The solution to the second problem (using the correct type) then leads to a third problem, as it means that *v[0] is incorrect due to operator precedence. You need to use parentheses here too, as in (*v)[0].
However the second (and the following third) problem is moot, since you don't need to pass arrays "by reference".
Arrays naturally decays to pointers to their first element. When using plain v when a pointer to int is expected, the compiler will automatically translate it as &v[0].
That means you could declare the function to simply take an int * as argument, and simply pass plain v as the argument.

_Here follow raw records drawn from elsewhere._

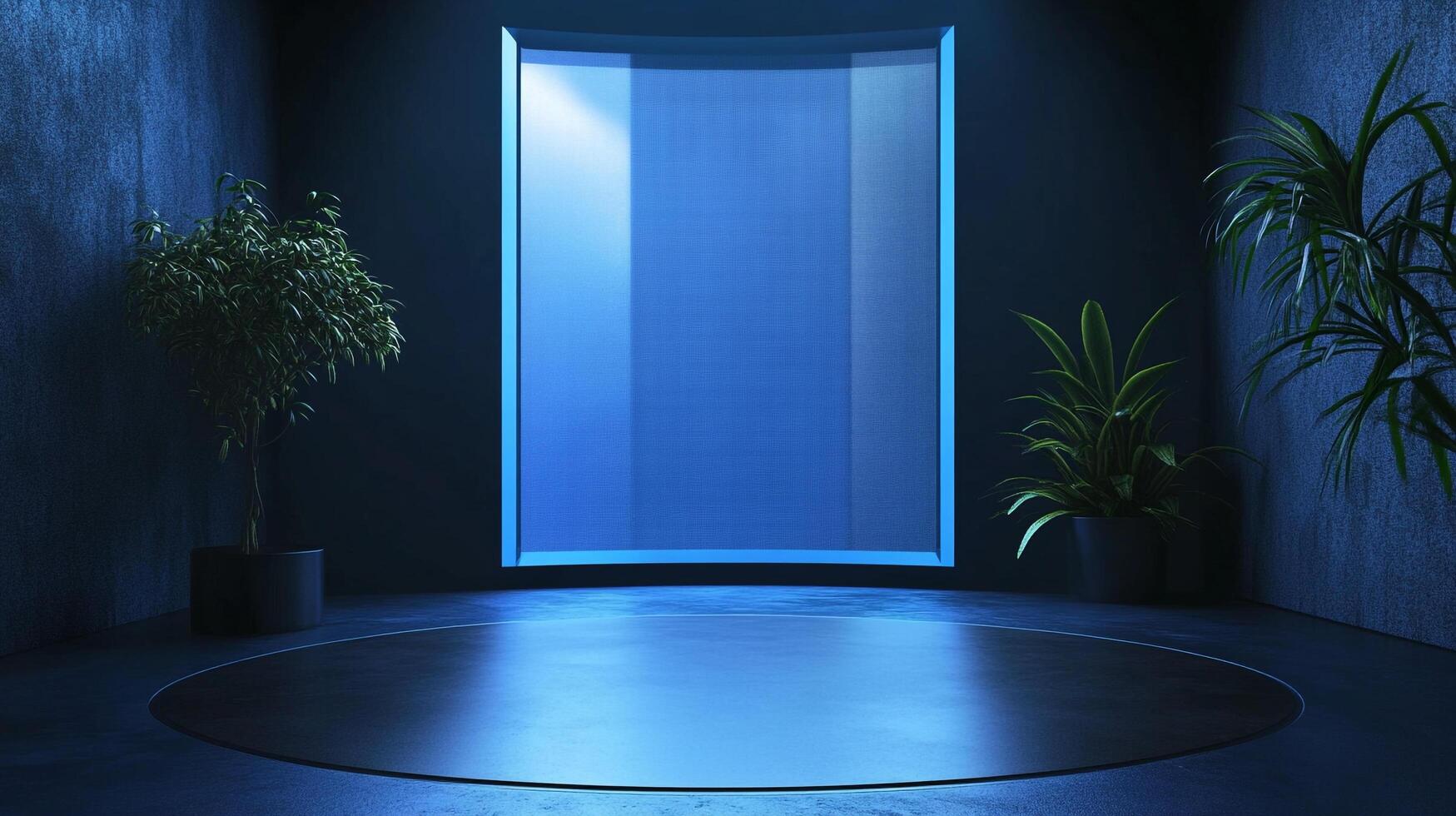 Minimalist geometric interior features a blue illuminated screen, plants, and a circular floor. Cool tones create a serene, modern atmosphere. photo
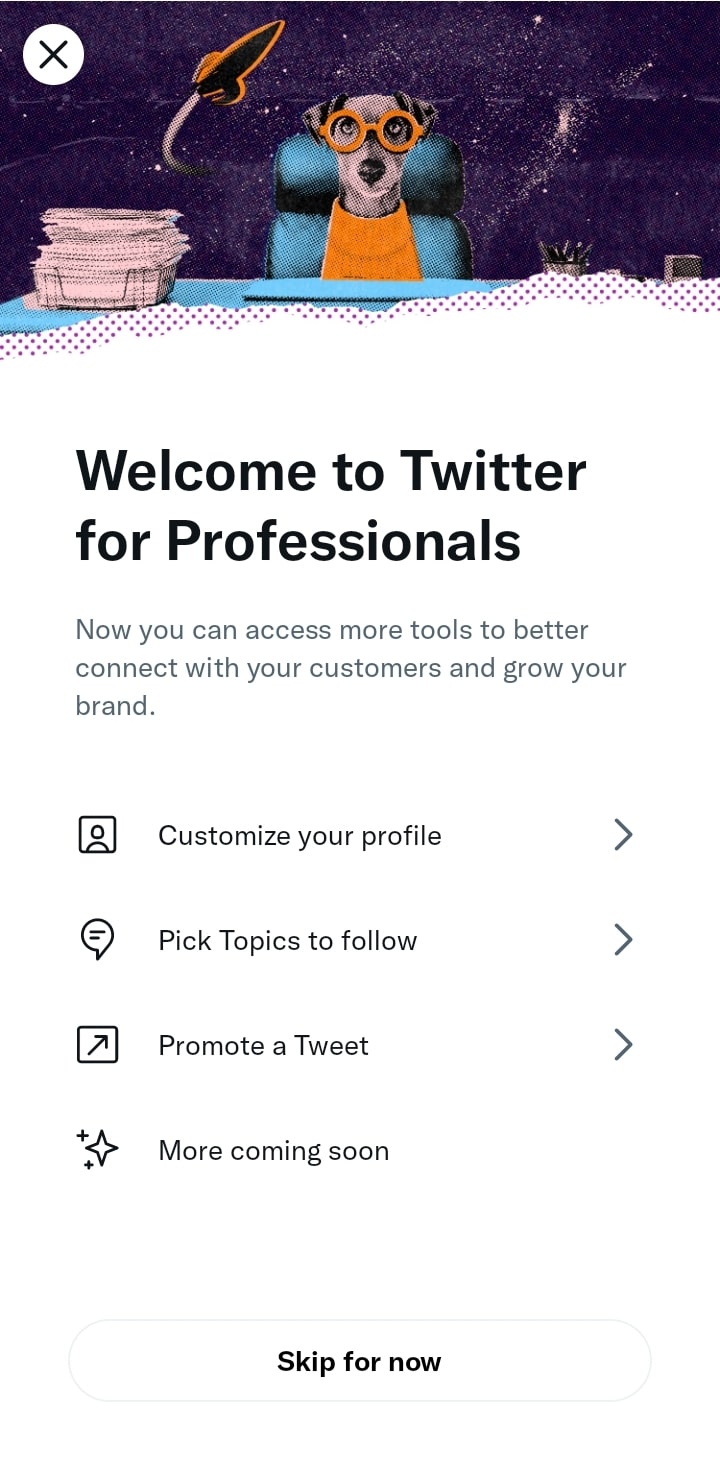 Twitter Móvil Bienvenido a Twitter para Profesionales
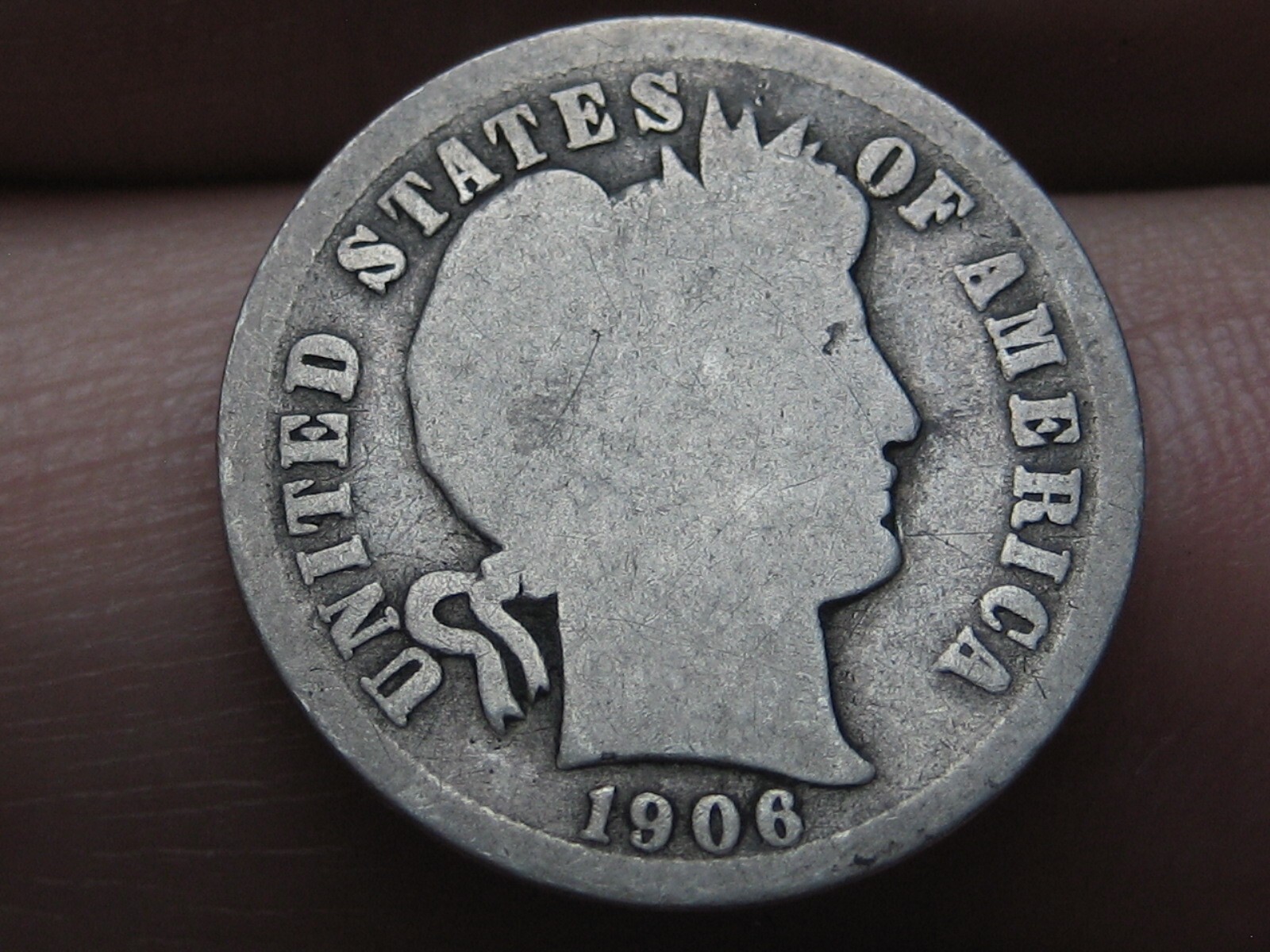 1906 O Silver Barber Dime- New Orleans, About Good Details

First, please note that indizes are 0-based in C, i.e. the first (and - in your case only) element is v[0].
Concerning passing it, just define the parameter as pointer to int, i.e. int*. A variable of type int[1] will decay to a pointer to int when passed to a function (so there is no need to write transformare(&v), its transformare(v).
int transformare(int *v)
{
v[0] = 10;
return 0;
}
int main()
{
int v[1];
printf("n = ");
scanf("%d", &v[0]);
transformare(v);
printf("%d", v[0]);
return 0;
}